What needs to be done - Copy the lines below word for word, skipping any image.

The data -
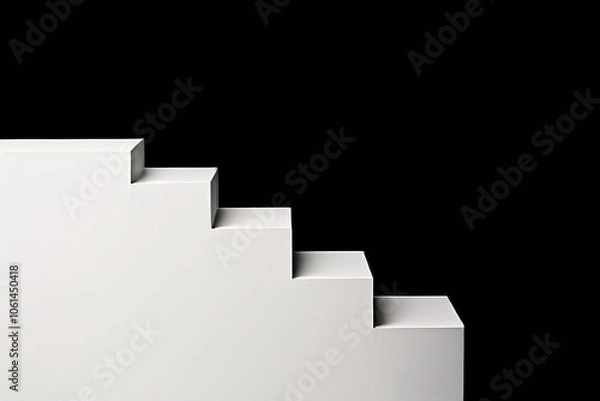 Fototapeta dark accent on white a text block with a dark background and whi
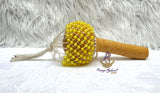Yellow Nigeria African Shekere A Traditional African Percussion Instrument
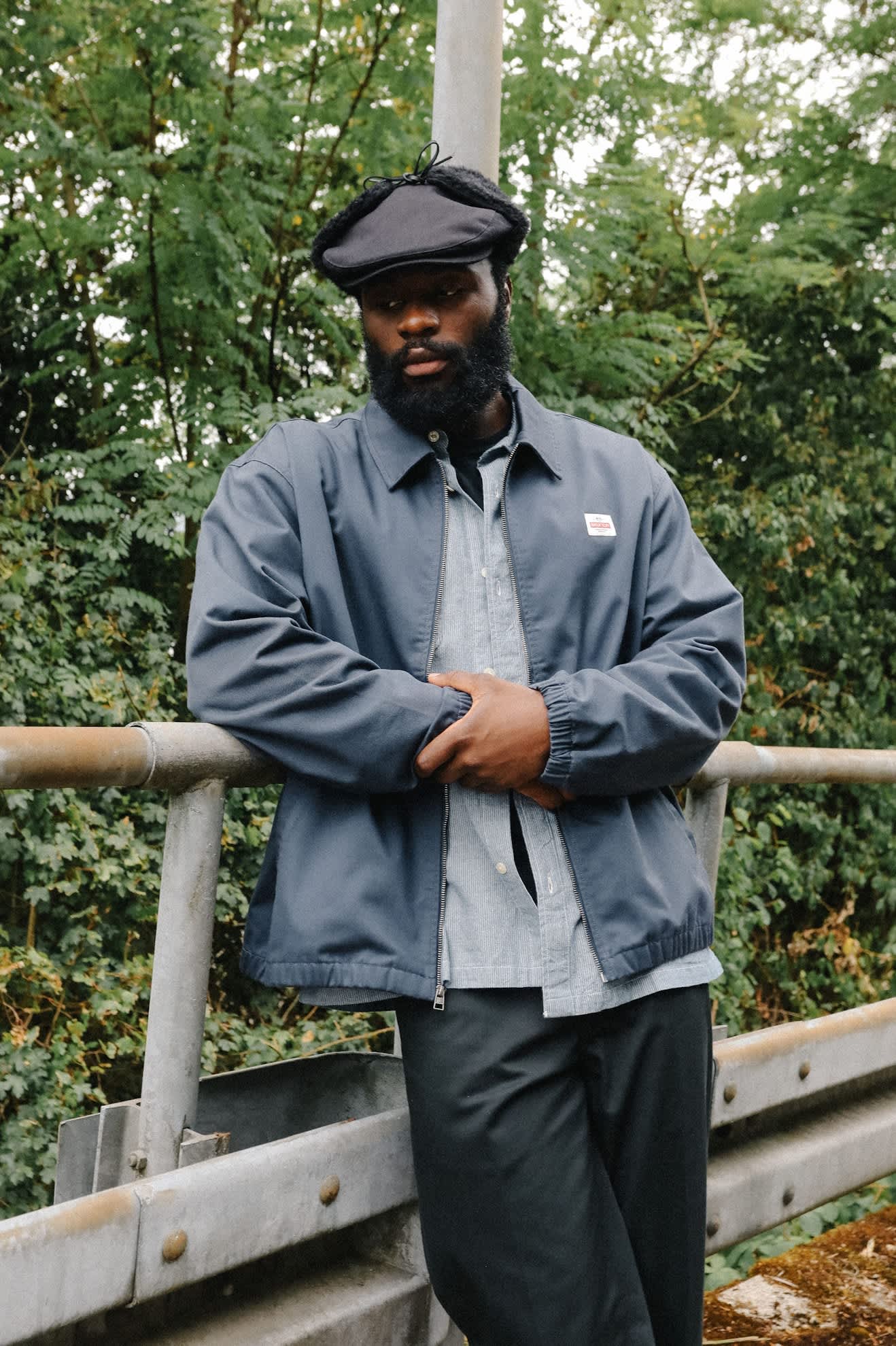 Men's Trademark Lightweight Garage Zip Jacket in the color Washed Navy - Men's Lifestyle image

Result -
 Fototapeta dark accent on white a text block with a dark background and whi
Yellow Nigeria African Shekere A Traditional African Percussion Instrument
 Men's Trademark Lightweight Garage Zip Jacket in the color Washed Navy - Men's Lifestyle image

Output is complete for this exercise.